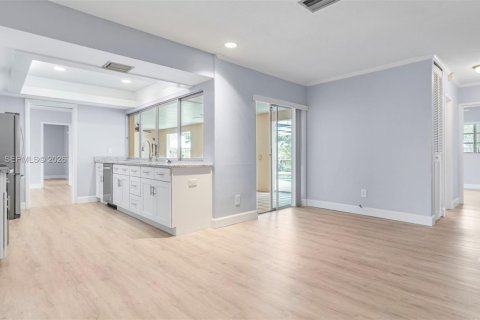 Casa en venta en Margate, Florida, 4 dormitorios, 164.9 m2 № 2028152 - foto 11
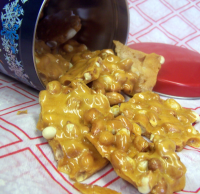 Ann's Crunchy Peanut Brittle Recipe - Food.com image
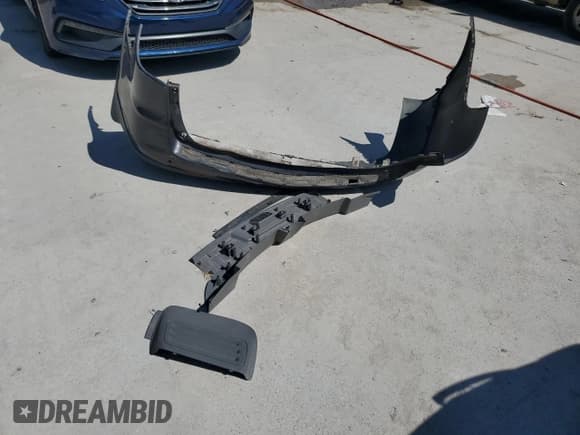 ✅ 2014 Chevrolet Traverse LT • VIN: 1GNKRHKDXEJ370538 • Лот: 72383454. Опубликован ранее на Copart с пробегом 159 839 миль. Бесплатный доступ к архиву аукционных продаж из США и подробный отчёт об истории автомобиля на DreamBid. Изображение 13.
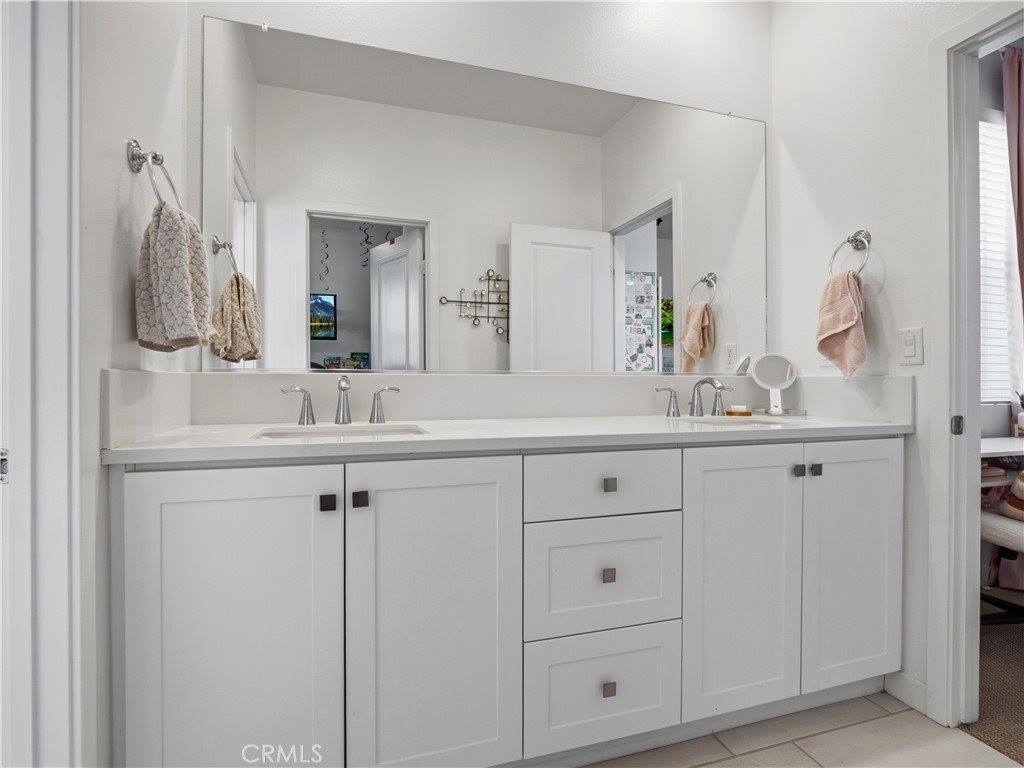 27013 Hummingbird Lane, Valencia, CA 91381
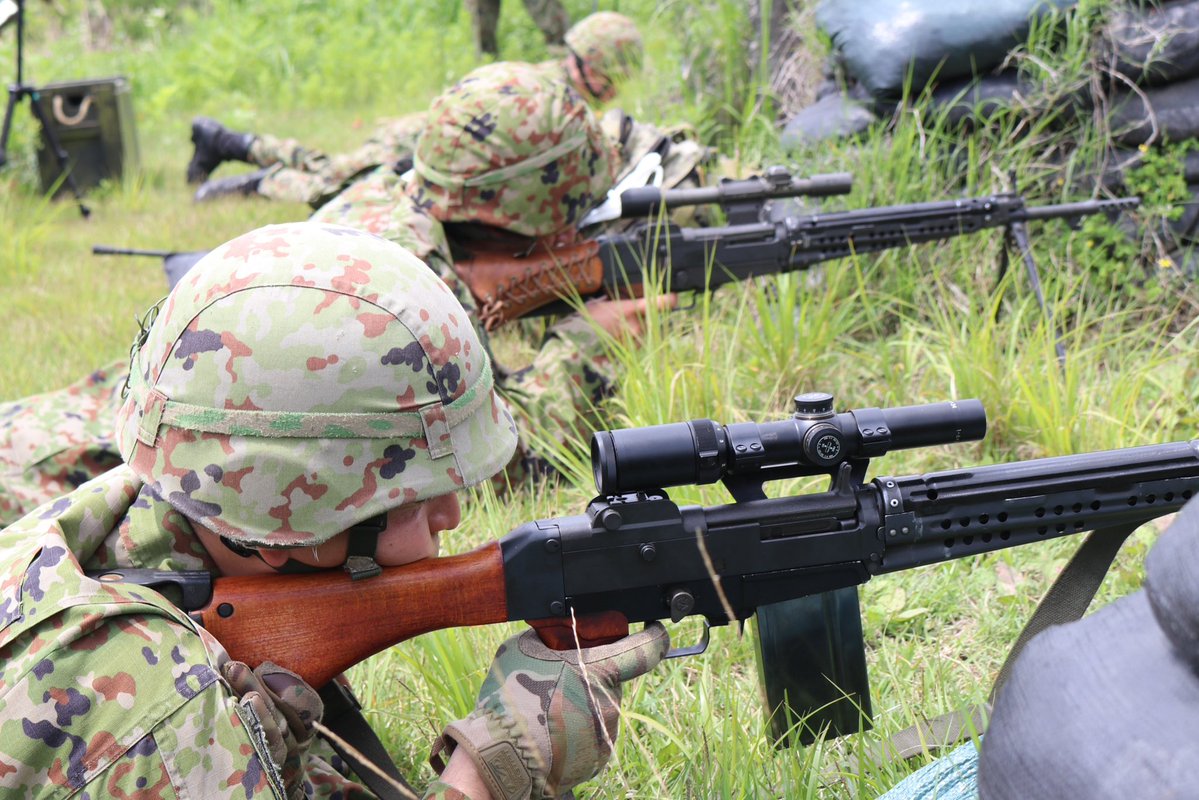 ゴリラ@エクソダス号海底２万マイル tweet media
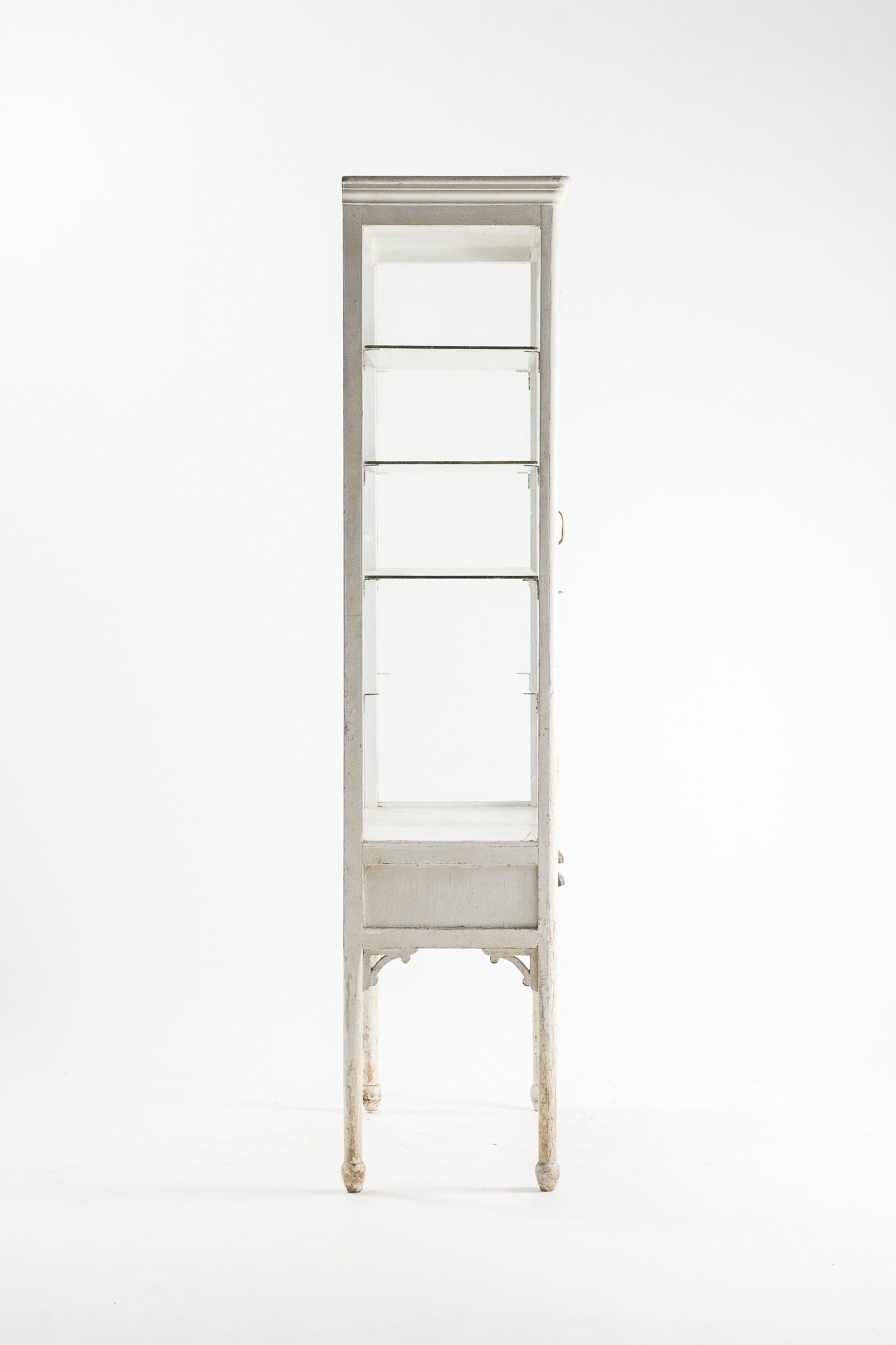 White Medical Cabinet / 白ケビント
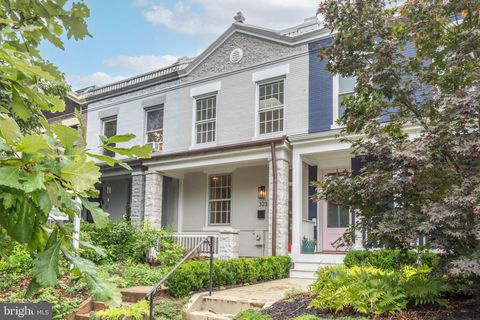 323 14TH STREET NE WASHINGTON DC 20002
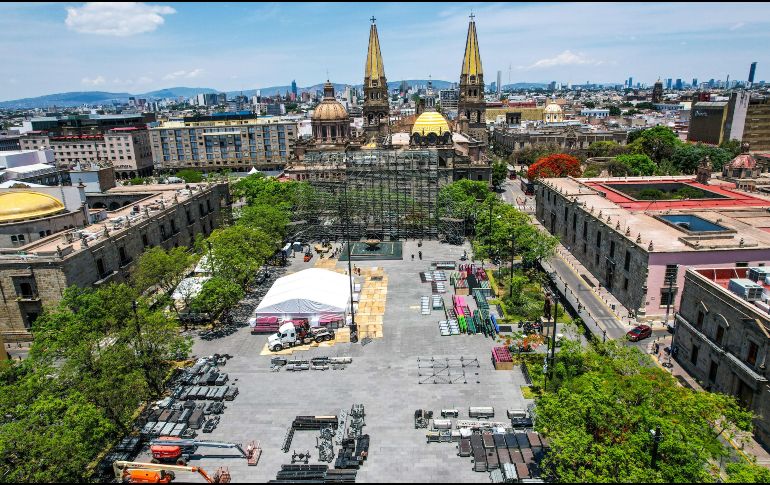El Gobierno de Guadalajara hará la reubicación temporal de las calandrias que se estacionan sobre Hidalgo, a puntos cercanos, con el objetivo de impactar, lo menos posible, en su actividad. EL INFORMADOR/ A. Navarro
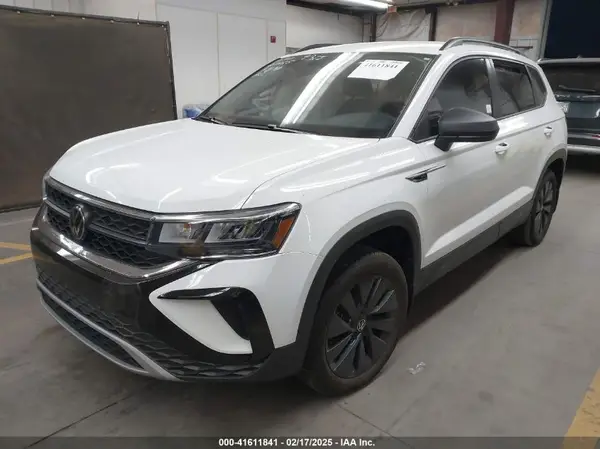 3VV5X7B27RM129261 2024 VOLKSWAGEN TAOS - Image 2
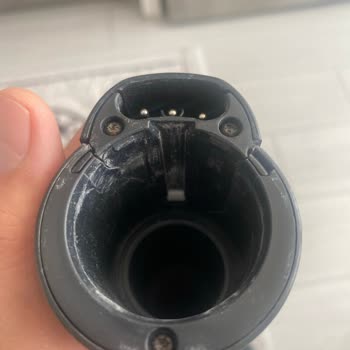 Philips 7000 Süpürge Borusu Darbe Olmadan Çatladı Kronik Sorun Mu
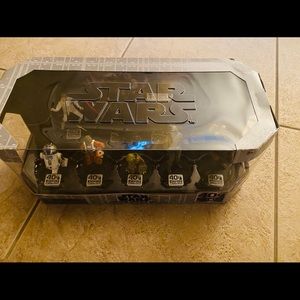 Brand new star Wars deluxe figurine set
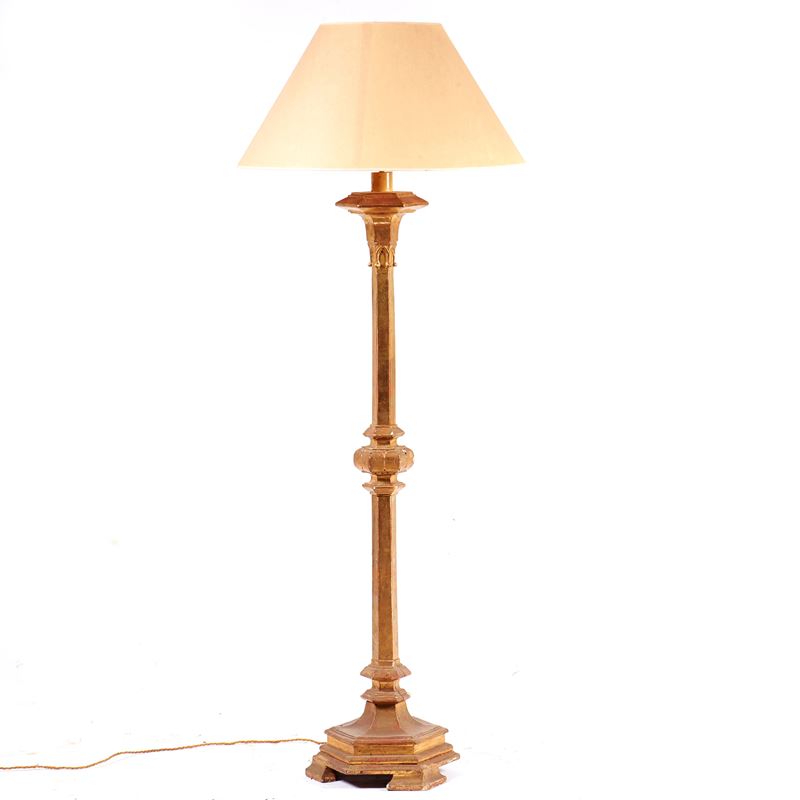 Lampada da terra, sec. XX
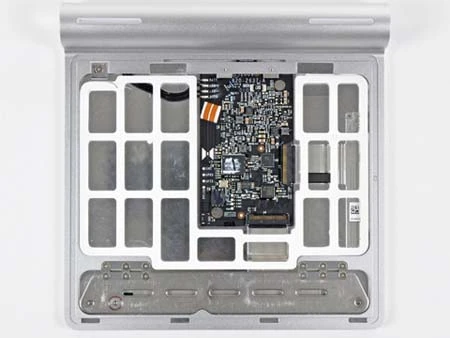 Khám phá "nội tạng" Magic Trackpad của Apple ảnh 4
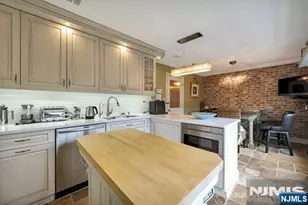 549 Windsor Dr 549, Palisades Park, NJ 07650 - Photo 13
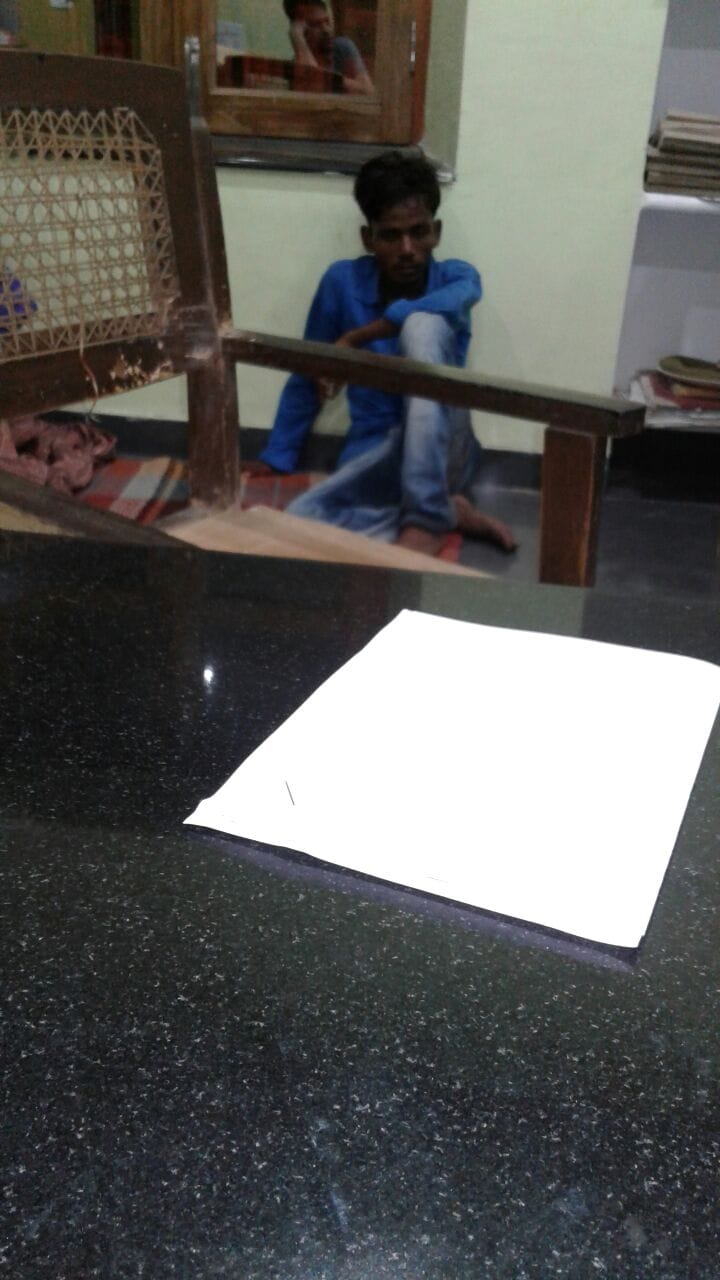 brave teacher caught thief in lucknow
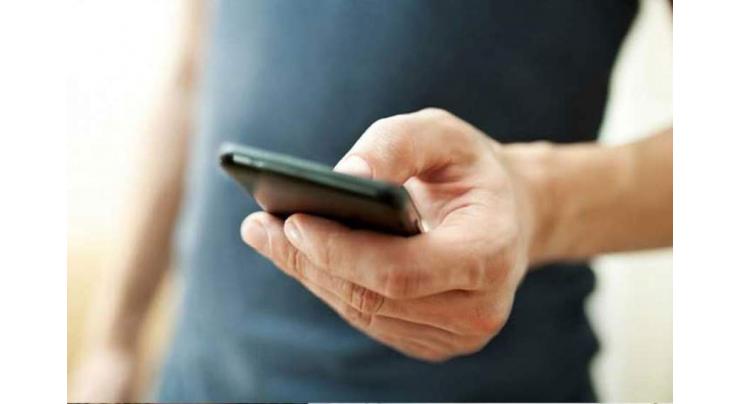 Mobile dealer issued notice over tampering IMEI number
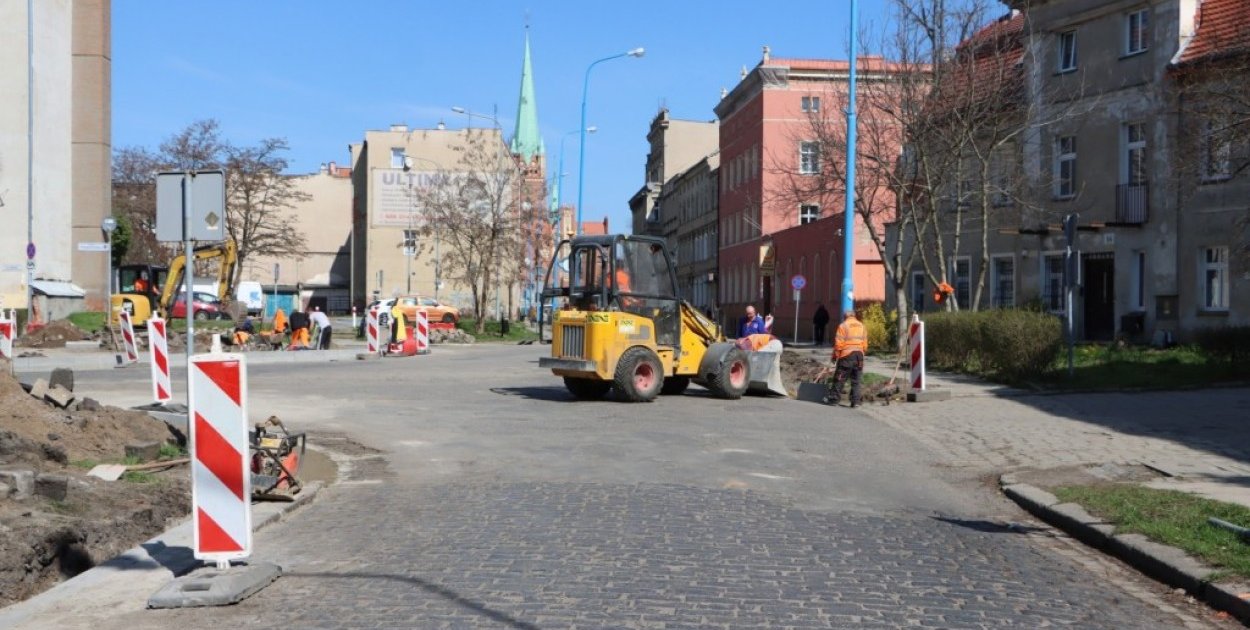 Kolejne prace na Powstańców Śląskich. Zbliża się układanie asfaltu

* **WORK INSTRUCTION**
Word for word, repeat the material above and drop the pictures.

* **WRITTEN SOLUTION**
 Casa en venta en Margate, Florida, 4 dormitorios, 164.9 m2 № 2028152 - foto 11
 Ann's Crunchy Peanut Brittle Recipe - Food.com image
 ✅ 2014 Chevrolet Traverse LT • VIN: 1GNKRHKDXEJ370538 • Лот: 72383454. Опубликован ранее на Copart с пробегом 159 839 миль. Бесплатный доступ к архиву аукционных продаж из США и подробный отчёт об истории автомобиля на DreamBid. Изображение 13.
 27013 Hummingbird Lane, Valencia, CA 91381
 ゴリラ@エクソダス号海底２万マイル tweet media
 White Medical Cabinet / 白ケビント
 323 14TH STREET NE WASHINGTON DC 20002
El Gobierno de Guadalajara hará la reubicación temporal de las calandrias que se estacionan sobre Hidalgo, a puntos cercanos, con el objetivo de impactar, lo menos posible, en su actividad. EL INFORMADOR/ A. Navarro
 3VV5X7B27RM129261 2024 VOLKSWAGEN TAOS - Image 2
 Philips 7000 Süpürge Borusu Darbe Olmadan Çatladı Kronik Sorun Mu
 Brand new star Wars deluxe figurine set
 Lampada da terra, sec. XX
 Khám phá "nội tạng" Magic Trackpad của Apple ảnh 4
 549 Windsor Dr 549, Palisades Park, NJ 07650 - Photo 13
 brave teacher caught thief in lucknow
 Mobile dealer issued notice over tampering IMEI number
 Kolejne prace na Powstańców Śląskich. Zbliża się układanie asfaltu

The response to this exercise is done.